Per prima cosa peso la pentola che penso di usare, vuota per avere un punto di riferimento. Poi sbuccio la frutta, o lavo bene quella che non si sbuccia; la taglio a pezzi e la metto a cuocere, senza zucchero, per almeno mezz’ora. La frutta dà via l’acqua e si riduce. Solo a questo punto peso pentola e frutta insieme: conoscendo già il peso della pentola vuota, faccio presto a scoprire il peso reale della frutta.
Aggiungo mezzo chilo di zucchero per ogni chilo di frutta cotta e un limone tagliato a fettine. Attenzione quindi: non tutta la frutta si consuma allo stesso modo; quando si acquista la frutta bisogna ricordarsi che un chilo di pere, una volta cotto, peserà meno, per esempio, di un chilo di mele. La proporzione di zucchero da aggiungere va sempre determinata in base al peso della frutta già cotta. Come sapete, infatti, la frutta si consuma cuocendo, ma lo zucchero no. E se lo zucchero cuoce per delle ore, come si faceva una volta, finisce per cristallizzare; la marmellata diventa scura, tutta dello stesso colore e, qualche volta, anche dello stesso sapore.
Invece, dopo aver aggiunto lo zucchero, non lascio mai cuocere la marmellata per più di mezz’ora o quaranta minuti.
Per conservarla scelgo barattoli di vetro rigorosamente usati ma puliti (la differenza la fa sempre il coperchio, che deve essere ottimo).
Come Insaporire la Marmellata
In teoria e in pratica, si possono sperimentare tutti i tipi di combinazioni di marmellate. Spezie come zenzero in polvere, vaniglia, cannella, chiodi di garofano o noce moscata aggiungono un sapore unico alle conserve. Anche i superalimenti, la frutta secca e la frutta essiccata possono essere semplicemente aggiunti e mescolati durante il processo di cottura. Anche le erbe e i fiori conferiscono alle marmellate un sapore molto speciale: melissa, rosmarino, salvia, timo, basilico, lavanda, fiori di tiglio o petali di rosa sono tutti aromi adatti.
Controindicazioni
Non esistono controindicazioni particolari all’assunzione di pectina, se non in caso di specifiche intolleranze. Al contrario, sono diverse le proprietà benefiche che è in grado di esercitare sul nostro organismo.
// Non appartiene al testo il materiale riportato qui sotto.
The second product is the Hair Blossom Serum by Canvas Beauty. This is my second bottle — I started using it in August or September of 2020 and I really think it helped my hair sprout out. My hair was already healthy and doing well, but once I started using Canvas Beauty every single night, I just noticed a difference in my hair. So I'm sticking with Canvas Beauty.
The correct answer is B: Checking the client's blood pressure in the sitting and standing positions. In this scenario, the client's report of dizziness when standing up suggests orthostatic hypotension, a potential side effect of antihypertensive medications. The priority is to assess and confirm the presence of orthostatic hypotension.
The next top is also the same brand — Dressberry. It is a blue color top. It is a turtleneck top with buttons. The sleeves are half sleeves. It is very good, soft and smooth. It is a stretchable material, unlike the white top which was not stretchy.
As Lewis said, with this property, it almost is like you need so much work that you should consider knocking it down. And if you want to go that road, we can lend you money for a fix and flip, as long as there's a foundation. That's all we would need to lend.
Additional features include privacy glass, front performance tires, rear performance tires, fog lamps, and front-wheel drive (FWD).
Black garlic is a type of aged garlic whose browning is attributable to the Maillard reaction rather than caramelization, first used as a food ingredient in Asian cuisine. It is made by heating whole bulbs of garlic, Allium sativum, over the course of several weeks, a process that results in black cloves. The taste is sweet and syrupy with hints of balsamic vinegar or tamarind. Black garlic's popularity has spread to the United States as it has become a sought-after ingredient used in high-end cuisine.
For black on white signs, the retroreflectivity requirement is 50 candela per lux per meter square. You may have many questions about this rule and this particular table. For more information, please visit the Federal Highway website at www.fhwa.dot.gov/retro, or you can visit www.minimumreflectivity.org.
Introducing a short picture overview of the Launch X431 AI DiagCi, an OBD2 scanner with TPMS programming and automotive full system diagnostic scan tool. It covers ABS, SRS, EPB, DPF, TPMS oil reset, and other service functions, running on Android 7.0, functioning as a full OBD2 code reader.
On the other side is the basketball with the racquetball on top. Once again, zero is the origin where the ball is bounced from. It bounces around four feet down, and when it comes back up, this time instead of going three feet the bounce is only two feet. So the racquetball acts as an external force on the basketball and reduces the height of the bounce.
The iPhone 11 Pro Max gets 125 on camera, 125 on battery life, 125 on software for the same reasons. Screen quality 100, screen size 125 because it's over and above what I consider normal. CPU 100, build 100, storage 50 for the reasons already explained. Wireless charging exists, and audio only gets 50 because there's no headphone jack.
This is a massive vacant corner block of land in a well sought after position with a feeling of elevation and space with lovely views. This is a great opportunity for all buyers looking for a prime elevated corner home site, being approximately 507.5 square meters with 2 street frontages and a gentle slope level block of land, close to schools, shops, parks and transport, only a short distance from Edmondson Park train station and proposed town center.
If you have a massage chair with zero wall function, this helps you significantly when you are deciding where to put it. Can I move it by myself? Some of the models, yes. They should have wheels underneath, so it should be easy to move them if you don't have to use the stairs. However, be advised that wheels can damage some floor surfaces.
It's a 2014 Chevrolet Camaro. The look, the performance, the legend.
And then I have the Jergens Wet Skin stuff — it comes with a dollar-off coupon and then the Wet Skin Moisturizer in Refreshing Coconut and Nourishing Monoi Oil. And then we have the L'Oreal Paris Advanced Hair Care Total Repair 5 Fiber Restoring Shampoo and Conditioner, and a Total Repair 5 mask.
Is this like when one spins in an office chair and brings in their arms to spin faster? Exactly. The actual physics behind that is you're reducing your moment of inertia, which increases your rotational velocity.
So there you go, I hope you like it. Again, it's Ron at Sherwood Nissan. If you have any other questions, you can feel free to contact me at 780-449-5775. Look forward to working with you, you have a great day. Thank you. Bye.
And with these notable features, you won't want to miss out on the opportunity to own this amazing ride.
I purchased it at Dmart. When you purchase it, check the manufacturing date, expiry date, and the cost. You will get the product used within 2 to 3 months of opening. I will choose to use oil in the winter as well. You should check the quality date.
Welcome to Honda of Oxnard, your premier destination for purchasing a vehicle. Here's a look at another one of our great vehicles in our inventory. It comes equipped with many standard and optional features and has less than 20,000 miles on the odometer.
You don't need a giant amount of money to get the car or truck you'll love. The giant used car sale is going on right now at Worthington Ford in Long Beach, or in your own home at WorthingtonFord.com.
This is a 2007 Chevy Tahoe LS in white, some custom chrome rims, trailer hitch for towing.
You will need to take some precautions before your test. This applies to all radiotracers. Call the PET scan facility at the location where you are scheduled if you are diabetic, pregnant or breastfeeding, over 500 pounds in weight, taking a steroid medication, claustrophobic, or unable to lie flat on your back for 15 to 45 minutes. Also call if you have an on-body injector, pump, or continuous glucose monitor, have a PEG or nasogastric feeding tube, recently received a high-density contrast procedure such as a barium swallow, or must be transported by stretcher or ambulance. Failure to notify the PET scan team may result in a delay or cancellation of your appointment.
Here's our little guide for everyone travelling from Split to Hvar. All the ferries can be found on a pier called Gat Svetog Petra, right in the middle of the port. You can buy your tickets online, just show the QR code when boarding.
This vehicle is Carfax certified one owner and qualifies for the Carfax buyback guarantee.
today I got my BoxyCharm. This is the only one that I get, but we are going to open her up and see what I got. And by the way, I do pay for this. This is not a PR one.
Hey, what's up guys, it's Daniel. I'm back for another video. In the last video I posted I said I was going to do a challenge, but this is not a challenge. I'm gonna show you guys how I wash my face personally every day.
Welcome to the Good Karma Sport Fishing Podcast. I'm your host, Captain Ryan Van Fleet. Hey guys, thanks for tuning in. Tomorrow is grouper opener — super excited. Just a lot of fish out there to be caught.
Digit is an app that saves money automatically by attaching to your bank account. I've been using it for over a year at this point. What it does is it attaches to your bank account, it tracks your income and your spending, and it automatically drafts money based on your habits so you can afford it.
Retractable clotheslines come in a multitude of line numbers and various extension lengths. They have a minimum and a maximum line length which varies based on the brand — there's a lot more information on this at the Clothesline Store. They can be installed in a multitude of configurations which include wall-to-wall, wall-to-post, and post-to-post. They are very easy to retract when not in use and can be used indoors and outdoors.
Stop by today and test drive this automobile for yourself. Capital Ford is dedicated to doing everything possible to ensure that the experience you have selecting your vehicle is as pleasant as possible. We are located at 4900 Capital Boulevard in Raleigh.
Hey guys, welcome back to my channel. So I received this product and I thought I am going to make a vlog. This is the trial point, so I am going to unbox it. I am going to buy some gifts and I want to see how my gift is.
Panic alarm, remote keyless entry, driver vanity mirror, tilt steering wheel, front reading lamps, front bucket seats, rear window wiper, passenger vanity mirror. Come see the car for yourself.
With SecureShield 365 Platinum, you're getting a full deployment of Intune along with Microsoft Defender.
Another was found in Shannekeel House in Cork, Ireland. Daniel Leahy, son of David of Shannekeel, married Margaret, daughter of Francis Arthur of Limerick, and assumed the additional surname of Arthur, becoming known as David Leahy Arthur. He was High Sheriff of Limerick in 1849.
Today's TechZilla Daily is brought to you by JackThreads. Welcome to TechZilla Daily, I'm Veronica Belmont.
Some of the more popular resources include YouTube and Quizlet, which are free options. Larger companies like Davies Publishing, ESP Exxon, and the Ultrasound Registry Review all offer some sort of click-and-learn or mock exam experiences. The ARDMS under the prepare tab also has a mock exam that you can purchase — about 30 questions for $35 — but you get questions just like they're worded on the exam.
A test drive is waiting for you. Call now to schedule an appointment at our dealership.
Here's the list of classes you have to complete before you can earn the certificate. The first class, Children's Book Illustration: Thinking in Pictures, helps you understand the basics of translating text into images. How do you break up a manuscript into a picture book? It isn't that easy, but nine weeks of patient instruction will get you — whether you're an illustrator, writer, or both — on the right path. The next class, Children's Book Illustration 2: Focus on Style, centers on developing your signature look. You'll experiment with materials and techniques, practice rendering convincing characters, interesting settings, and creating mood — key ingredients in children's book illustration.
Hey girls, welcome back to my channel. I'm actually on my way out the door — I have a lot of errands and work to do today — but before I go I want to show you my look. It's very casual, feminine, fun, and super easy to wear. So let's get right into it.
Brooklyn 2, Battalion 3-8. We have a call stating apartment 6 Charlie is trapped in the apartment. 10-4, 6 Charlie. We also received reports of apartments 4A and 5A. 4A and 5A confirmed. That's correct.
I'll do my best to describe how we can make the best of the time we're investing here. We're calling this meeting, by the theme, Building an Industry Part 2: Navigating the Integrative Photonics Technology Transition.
Dato che la pectina può regolare l’assorbimento di alcune sostanze, potrebbe anche limitare la funzionalità di alcune medicine. Ciò soprattutto se si tratta di complessi liposolubili o che agiscono sull’assorbimento intestinale dei grassi.
La Pectina nel Mondo Vegetale
In natura, la pectina svolge un ruolo fondamentale per la salute delle piante. Difatti, questa sostanza interviene come una colla a garantire l’adesione tra le membrane esterne delle cellule vegetali, note come pareti cellulari.
Questo compito è importantissimo perché le cellule vegetali devono essere paragonate a dei palloncini ripieni di acqua. Il fluido presente in queste strutture, noto come citoplasma, riesce a mantenere delle pressioni sufficientemente alte solamente quando si riescono a limitare le perdite. Queste pressioni sono fondamentali perché si trovano alla base del passaggio di nutrienti lungo l’intera pianta. Si tratta dello stesso meccanismo del palloncino il quale rimane pieno solamente se non presenta fori. In questo modo favorisce anche l’adesione delle pareti e azzera il rischio di perdita di liquidi. Quindi, le strutture vegetali riescono a mantenere il cosiddetto turgore.
Chiaramente, con il tempo, le strutture vegetali invecchiano. La conseguenza è che la pectina, con il tempo, viene degradata e compaiono le prime “rughe”. Infatti, nel mondo vegetale, le rughe, ben evidenti soprattutto nei frutti, sono quelle grinze che ci portano a considerare il frutto troppo maturo. La causa di questo invecchiamento è imputabile proprio ad una riduzione del contenuto cellulare di pectina!
Durante la maturazione, la pectina presente nella frutta viene idrolizzata da enzimi specifici, quali le pectinasi e le pectinesterasi. Il risultato di ciò è una degradazione di una struttura del frutto, nota come lamella mediana.